E un’altra spaccatura potrebbe riproporsi a breve, domenica 8 e lunedì 9 giugno, con i 5 referendum popolari abrogativi in materia di disciplina del lavoro e diritto di cittadinanza. Perché la segretaria, dopo aver assicurato il massimo impegno del PD per «favorire la più ampia partecipazione al voto», fino ad ora non si è vista molto per sostenere la causa. Probabilmente la spiegazione va cercata in alcune sue dichiarazioni a sostegno all’abrogazione del Jobs Act che – more solito – hanno suscitato critiche all’interno del partito.

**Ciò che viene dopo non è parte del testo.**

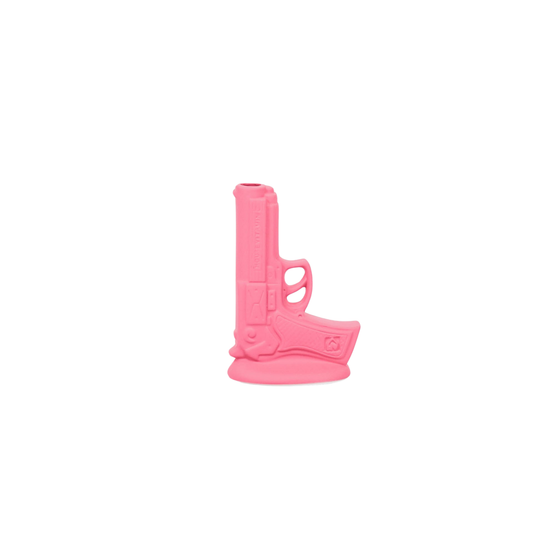 Vaas - Gun - Keramiek - Neon Roze - 15x9x23cm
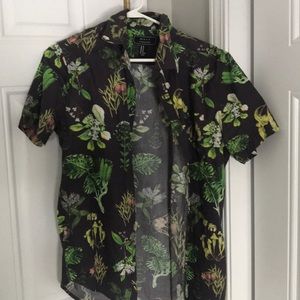 Floral button down shirt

Giuseppe Conte e Elly Schlein

E veniamo alla morte del Papa, dove Elly Schlein ha provato a mettersi in sintonia con l’eredità (progressista) di Francesco, ma il suo intervento di commemorazione alla Camera dei deputati è stato generalmente percepito come un discorso freddo, ed è stato criticato (anche a sinistra) sia per il tono che per il contenuto. E siamo alle solite. Davanti a una segretaria che cerca di ridefinire il profilo del PD in un contesto politico difficile ma poi non riesce a mantenere l’unità del partito e a presentare una visione chiara con un progetto politico per il futuro.
Se questo è il quadro, le sei regionali di autunno saranno decisive per la sua leadership. Intanto è alle porte un primo test in una città importante come Genova, dove il 25 e il 26 maggio si vota per l’elezione del nuovo sindaco che prenderà il posto di Marco Bucci. Ossia dell’ex primo cittadino della Lanterna che l’anno scorso Giorgia Meloni volle candidare a tutti i costi alla presidenza della Regione Liguria dove il centrodestra era stato sconvolto dallo “scandalo Toti” con tanto di arresto, dimissioni e scioglimento della giunta regionale. Una mossa azzeccata quella della premier, visto che Bucci riuscì a vincere, anche se per un soffio, contro l’uomo “forte” messo in campo dal PD: l’ex ministro Andrea Orlando. Poi, ad analizzare il flusso dei voti si scopre che il candidato dem è stato “tradito” dal M5S. Con buona pace di quel “campo largo” tante volte evocato da Elly Schlein.